YOUR TASK
Line by line, copy all of the data exactly.
--- RECORDS FOR PROCESSING Enclosed Below ---
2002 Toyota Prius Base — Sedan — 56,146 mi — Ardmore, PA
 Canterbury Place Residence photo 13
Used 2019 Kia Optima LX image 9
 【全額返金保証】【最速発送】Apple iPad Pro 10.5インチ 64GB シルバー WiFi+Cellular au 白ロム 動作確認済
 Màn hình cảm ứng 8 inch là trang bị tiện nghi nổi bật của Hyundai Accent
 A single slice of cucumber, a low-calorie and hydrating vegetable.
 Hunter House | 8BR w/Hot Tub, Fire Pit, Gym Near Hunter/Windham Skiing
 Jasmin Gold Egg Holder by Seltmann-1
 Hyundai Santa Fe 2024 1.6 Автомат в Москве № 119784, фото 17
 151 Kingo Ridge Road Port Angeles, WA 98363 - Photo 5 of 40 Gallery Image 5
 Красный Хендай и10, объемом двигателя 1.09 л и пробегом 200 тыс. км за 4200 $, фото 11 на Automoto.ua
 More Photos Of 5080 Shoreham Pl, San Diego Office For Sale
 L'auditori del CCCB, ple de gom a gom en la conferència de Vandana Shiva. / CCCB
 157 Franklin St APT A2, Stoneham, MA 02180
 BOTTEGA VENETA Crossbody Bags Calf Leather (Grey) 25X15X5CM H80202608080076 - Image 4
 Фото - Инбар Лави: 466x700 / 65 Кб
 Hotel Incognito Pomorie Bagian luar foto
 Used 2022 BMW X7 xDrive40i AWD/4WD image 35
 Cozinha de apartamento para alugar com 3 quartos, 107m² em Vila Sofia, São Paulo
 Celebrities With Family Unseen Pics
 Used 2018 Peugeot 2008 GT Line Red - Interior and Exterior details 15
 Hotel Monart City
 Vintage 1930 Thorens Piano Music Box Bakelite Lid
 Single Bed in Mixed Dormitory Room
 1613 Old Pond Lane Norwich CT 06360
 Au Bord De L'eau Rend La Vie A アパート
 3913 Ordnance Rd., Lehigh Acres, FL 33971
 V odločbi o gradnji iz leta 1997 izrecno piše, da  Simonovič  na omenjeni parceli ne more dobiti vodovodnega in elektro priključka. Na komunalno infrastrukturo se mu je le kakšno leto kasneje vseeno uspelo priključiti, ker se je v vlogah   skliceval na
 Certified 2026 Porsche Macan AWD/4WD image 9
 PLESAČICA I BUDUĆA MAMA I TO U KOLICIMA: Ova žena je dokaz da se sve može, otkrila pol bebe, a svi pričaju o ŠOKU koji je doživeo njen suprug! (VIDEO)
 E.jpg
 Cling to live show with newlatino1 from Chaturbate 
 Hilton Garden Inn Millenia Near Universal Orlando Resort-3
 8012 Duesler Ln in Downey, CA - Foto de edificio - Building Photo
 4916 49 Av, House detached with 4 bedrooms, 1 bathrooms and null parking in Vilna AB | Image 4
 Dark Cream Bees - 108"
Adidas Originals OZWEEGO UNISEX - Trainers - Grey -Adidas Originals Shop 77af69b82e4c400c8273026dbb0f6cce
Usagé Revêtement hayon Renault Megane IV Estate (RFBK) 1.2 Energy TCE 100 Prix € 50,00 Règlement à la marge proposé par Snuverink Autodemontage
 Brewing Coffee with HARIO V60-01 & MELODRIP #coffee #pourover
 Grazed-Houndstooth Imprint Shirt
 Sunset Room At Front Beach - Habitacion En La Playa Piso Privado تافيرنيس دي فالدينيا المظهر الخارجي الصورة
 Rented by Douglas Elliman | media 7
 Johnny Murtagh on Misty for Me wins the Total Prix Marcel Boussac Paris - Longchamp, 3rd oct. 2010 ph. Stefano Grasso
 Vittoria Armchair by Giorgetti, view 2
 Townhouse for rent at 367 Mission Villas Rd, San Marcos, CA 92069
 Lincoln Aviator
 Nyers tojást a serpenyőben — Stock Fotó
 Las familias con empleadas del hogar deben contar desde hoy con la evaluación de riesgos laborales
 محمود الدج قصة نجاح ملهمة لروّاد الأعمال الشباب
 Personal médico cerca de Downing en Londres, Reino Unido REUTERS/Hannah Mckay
--- End of Enclosed RECORDS FOR PROCESSING ---
EXERCISE OUTPUT
2002 Toyota Prius Base — Sedan — 56,146 mi — Ardmore, PA
 Canterbury Place Residence photo 13
Used 2019 Kia Optima LX image 9
 【全額返金保証】【最速発送】Apple iPad Pro 10.5インチ 64GB シルバー WiFi+Cellular au 白ロム 動作確認済
 Màn hình cảm ứng 8 inch là trang bị tiện nghi nổi bật của Hyundai Accent
 A single slice of cucumber, a low-calorie and hydrating vegetable.
 Hunter House | 8BR w/Hot Tub, Fire Pit, Gym Near Hunter/Windham Skiing
 Jasmin Gold Egg Holder by Seltmann-1
 Hyundai Santa Fe 2024 1.6 Автомат в Москве № 119784, фото 17
 151 Kingo Ridge Road Port Angeles, WA 98363 - Photo 5 of 40 Gallery Image 5
 Красный Хендай и10, объемом двигателя 1.09 л и пробегом 200 тыс. км за 4200 $, фото 11 на Automoto.ua
 More Photos Of 5080 Shoreham Pl, San Diego Office For Sale
 L'auditori del CCCB, ple de gom a gom en la conferència de Vandana Shiva. / CCCB
 157 Franklin St APT A2, Stoneham, MA 02180
 BOTTEGA VENETA Crossbody Bags Calf Leather (Grey) 25X15X5CM H80202608080076 - Image 4
 Фото - Инбар Лави: 466x700 / 65 Кб
 Hotel Incognito Pomorie Bagian luar foto
 Used 2022 BMW X7 xDrive40i AWD/4WD image 35
 Cozinha de apartamento para alugar com 3 quartos, 107m² em Vila Sofia, São Paulo
 Celebrities With Family Unseen Pics
 Used 2018 Peugeot 2008 GT Line Red - Interior and Exterior details 15
 Hotel Monart City
 Vintage 1930 Thorens Piano Music Box Bakelite Lid
 Single Bed in Mixed Dormitory Room
 1613 Old Pond Lane Norwich CT 06360
 Au Bord De L'eau Rend La Vie A アパート
 3913 Ordnance Rd., Lehigh Acres, FL 33971
 V odločbi o gradnji iz leta 1997 izrecno piše, da  Simonovič  na omenjeni parceli ne more dobiti vodovodnega in elektro priključka. Na komunalno infrastrukturo se mu je le kakšno leto kasneje vseeno uspelo priključiti, ker se je v vlogah   skliceval na
 Certified 2026 Porsche Macan AWD/4WD image 9
 PLESAČICA I BUDUĆA MAMA I TO U KOLICIMA: Ova žena je dokaz da se sve može, otkrila pol bebe, a svi pričaju o ŠOKU koji je doživeo njen suprug! (VIDEO)
 E.jpg
 Cling to live show with newlatino1 from Chaturbate 
 Hilton Garden Inn Millenia Near Universal Orlando Resort-3
 8012 Duesler Ln in Downey, CA - Foto de edificio - Building Photo
 4916 49 Av, House detached with 4 bedrooms, 1 bathrooms and null parking in Vilna AB | Image 4
 Dark Cream Bees - 108"
Adidas Originals OZWEEGO UNISEX - Trainers - Grey -Adidas Originals Shop 77af69b82e4c400c8273026dbb0f6cce
Usagé Revêtement hayon Renault Megane IV Estate (RFBK) 1.2 Energy TCE 100 Prix € 50,00 Règlement à la marge proposé par Snuverink Autodemontage
 Brewing Coffee with HARIO V60-01 & MELODRIP #coffee #pourover
 Grazed-Houndstooth Imprint Shirt
 Sunset Room At Front Beach - Habitacion En La Playa Piso Privado تافيرنيس دي فالدينيا المظهر الخارجي الصورة
 Rented by Douglas Elliman | media 7
 Johnny Murtagh on Misty for Me wins the Total Prix Marcel Boussac Paris - Longchamp, 3rd oct. 2010 ph. Stefano Grasso
 Vittoria Armchair by Giorgetti, view 2
 Townhouse for rent at 367 Mission Villas Rd, San Marcos, CA 92069
 Lincoln Aviator
 Nyers tojást a serpenyőben — Stock Fotó
 Las familias con empleadas del hogar deben contar desde hoy con la evaluación de riesgos laborales
 محمود الدج قصة نجاح ملهمة لروّاد الأعمال الشباب
 Personal médico cerca de Downing en Londres, Reino Unido REUTERS/Hannah Mckay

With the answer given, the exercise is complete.